(Collected data)
=== Section Start ===

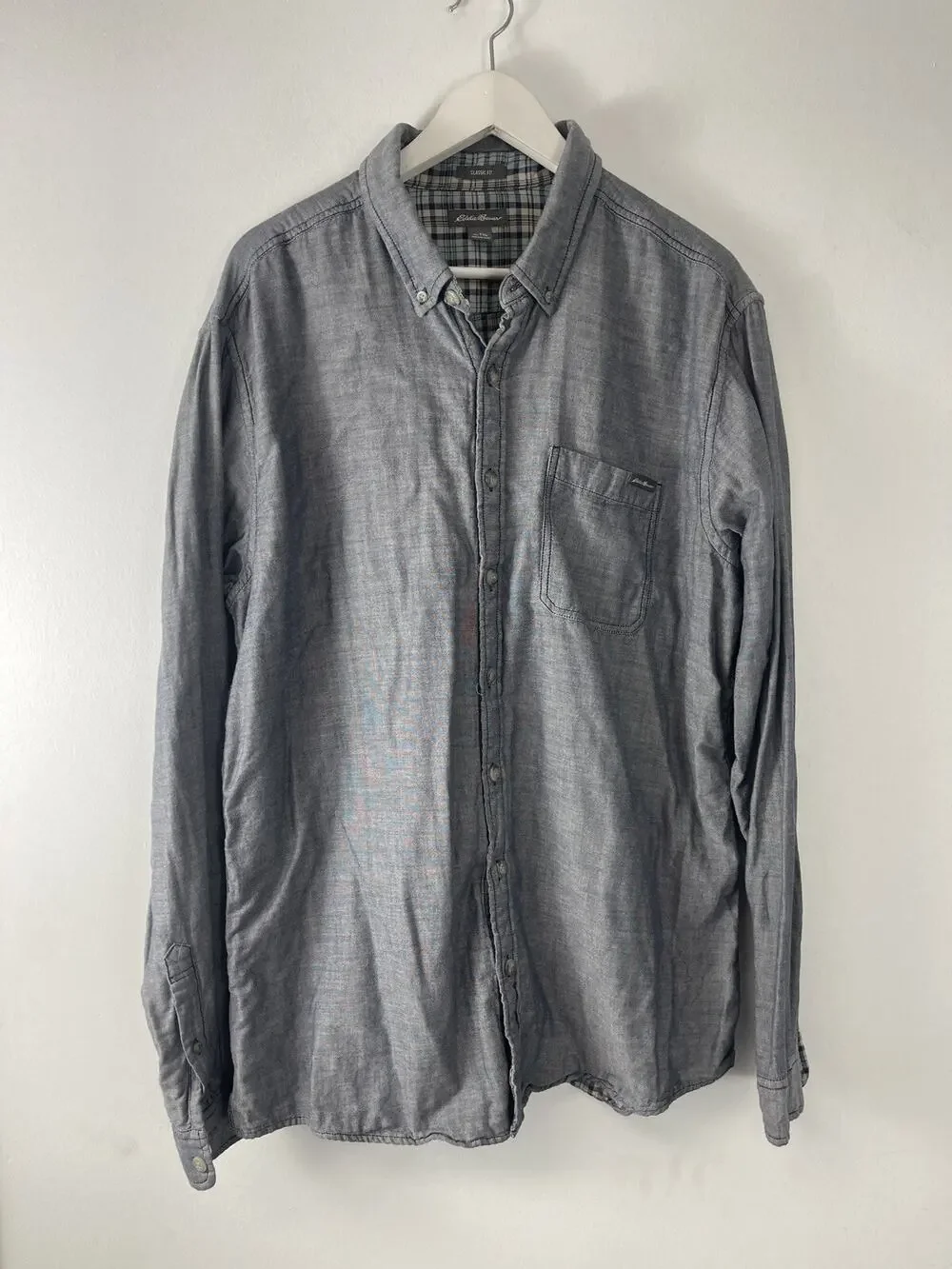 Eddie Bauer Shirt Mens XLT XL Tall Gray Button Up Long Sleeve Dress Shirt N87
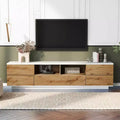 MAYEERTY Modern TV Stand for TVs up to 80, Media Console with Multifunctional Storage, Entertainment Center with Door Rebound Device, TV Cabinet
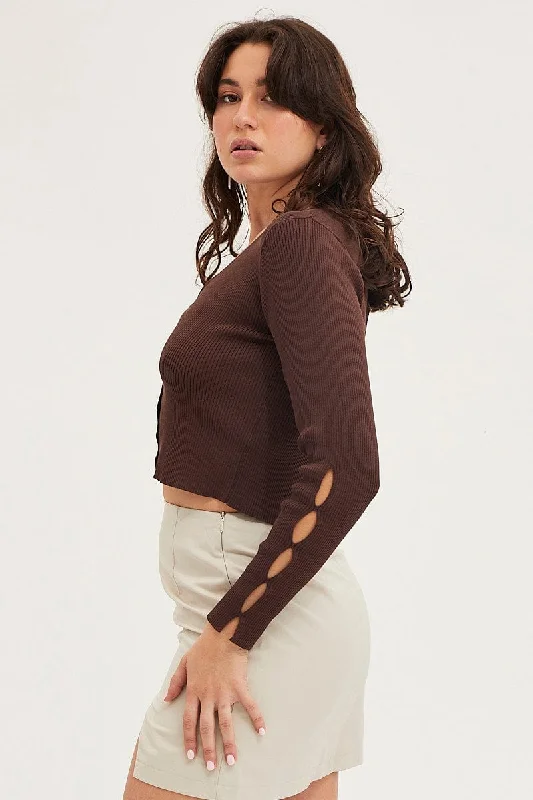 brown-knit-cardigan-long-sleeve-v-neck-cut-out-kn14190-40ub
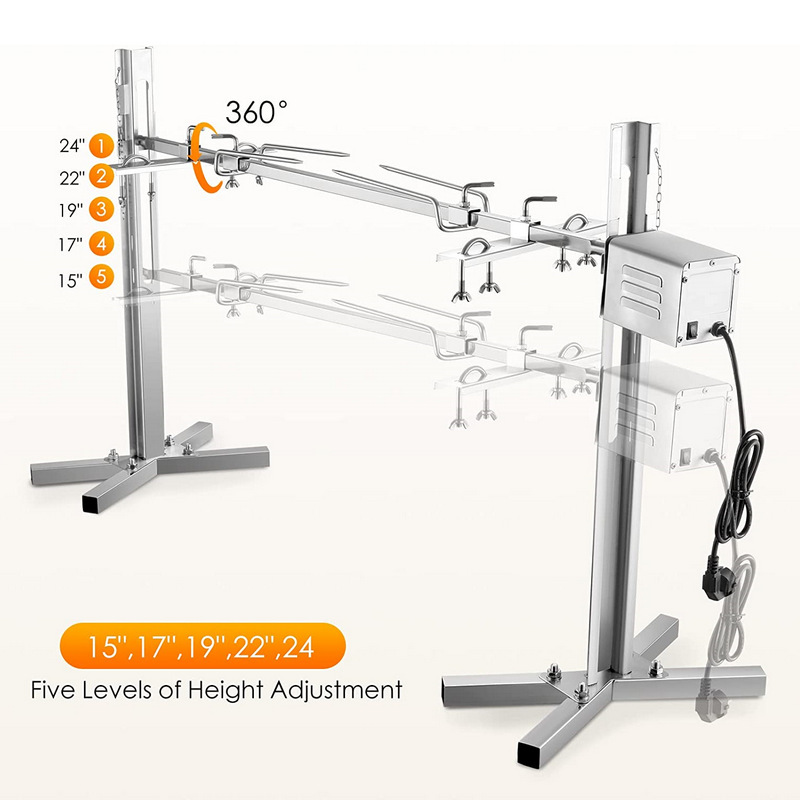 Adjustable Height Spit Rod driven by 45W High-Torque Electric Motor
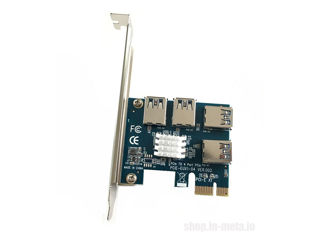 ID-175: PCI-Express x1 to 4 USB - PCI E adapter Multiplier Card - Адаптер x1 на 4 USB Riser Card foto 1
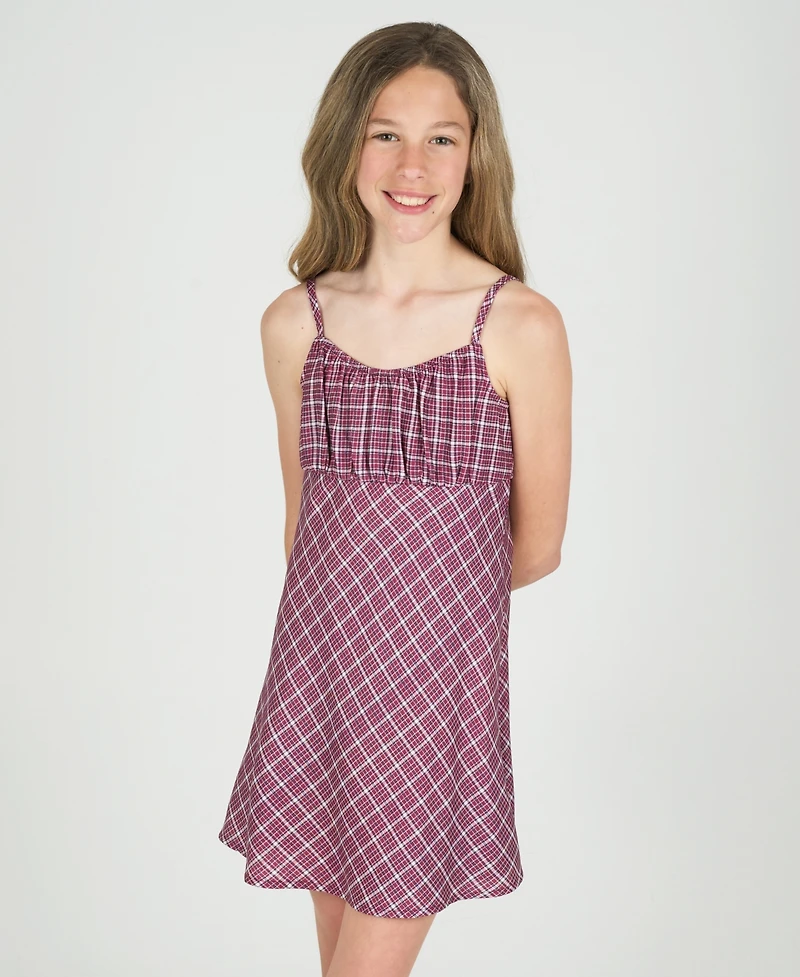 Rare Editions Big Girls 2-Piece Plaid Dress with Pointelle Tie Front Cardigan Set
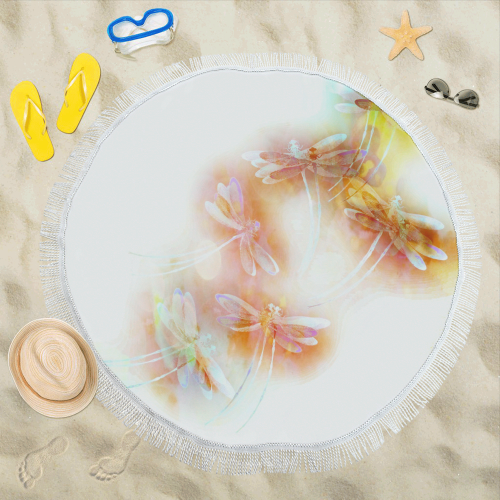 Watercolor dragonflies Circular Beach Shawl 59"x 59"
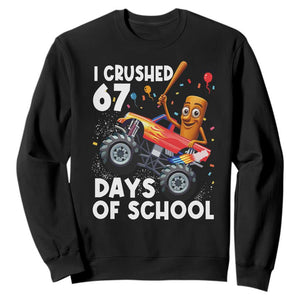 67 Days of School Monster Truck Sweatshirt 67th Day Boys Tung Tung Tung Sahur TS10 Black Print Your Wear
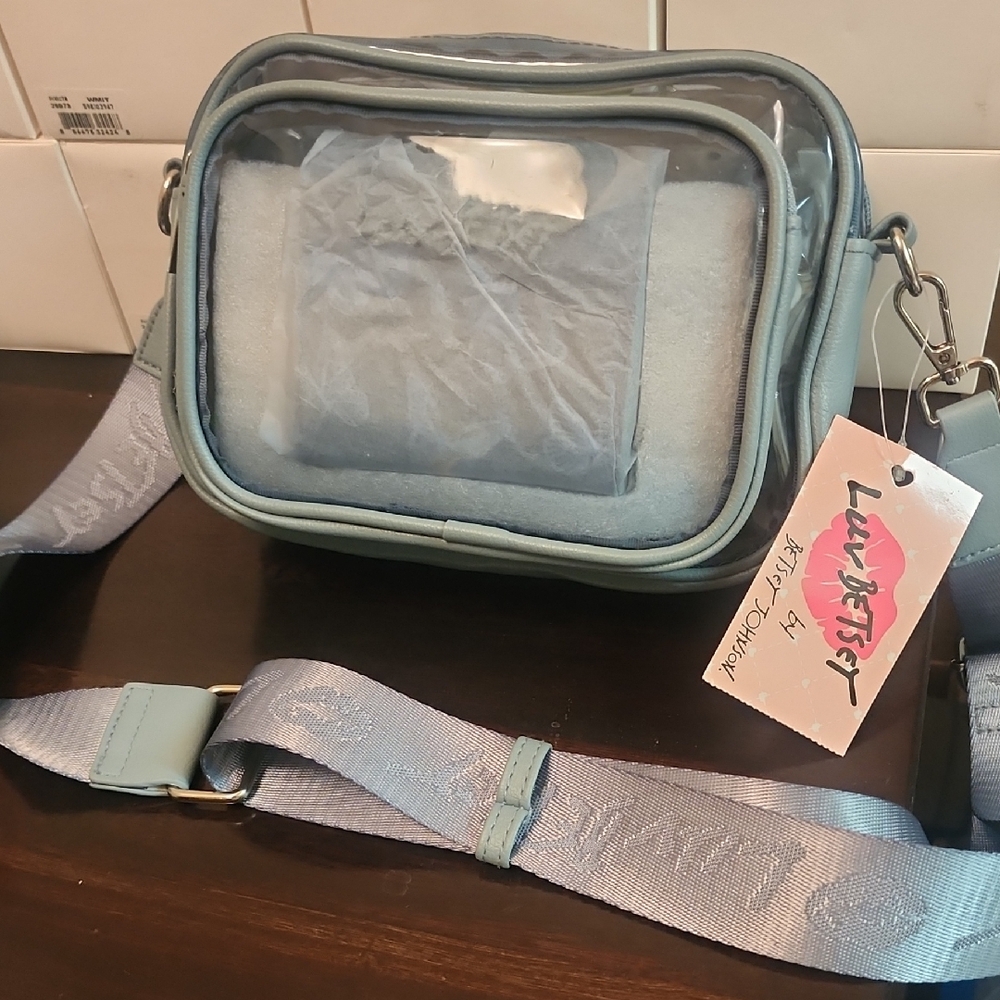 Blue Crossbody Bag with Adjustable Strap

=== Section End ===

**YOUR INSTRUCTIONS:**
All entries must be output unchanged, with every picture omitted.

**SOLUTION:**
 Eddie Bauer Shirt Mens XLT XL Tall Gray Button Up Long Sleeve Dress Shirt N87
 MAYEERTY Modern TV Stand for TVs up to 80, Media Console with Multifunctional Storage, Entertainment Center with Door Rebound Device, TV Cabinet
 brown-knit-cardigan-long-sleeve-v-neck-cut-out-kn14190-40ub
 Adjustable Height Spit Rod driven by 45W High-Torque Electric Motor
 ID-175: PCI-Express x1 to 4 USB - PCI E adapter Multiplier Card - Адаптер x1 на 4 USB Riser Card foto 1
 Rare Editions Big Girls 2-Piece Plaid Dress with Pointelle Tie Front Cardigan Set
 Watercolor dragonflies Circular Beach Shawl 59"x 59"
 67 Days of School Monster Truck Sweatshirt 67th Day Boys Tung Tung Tung Sahur TS10 Black Print Your Wear
 Blue Crossbody Bag with Adjustable Strap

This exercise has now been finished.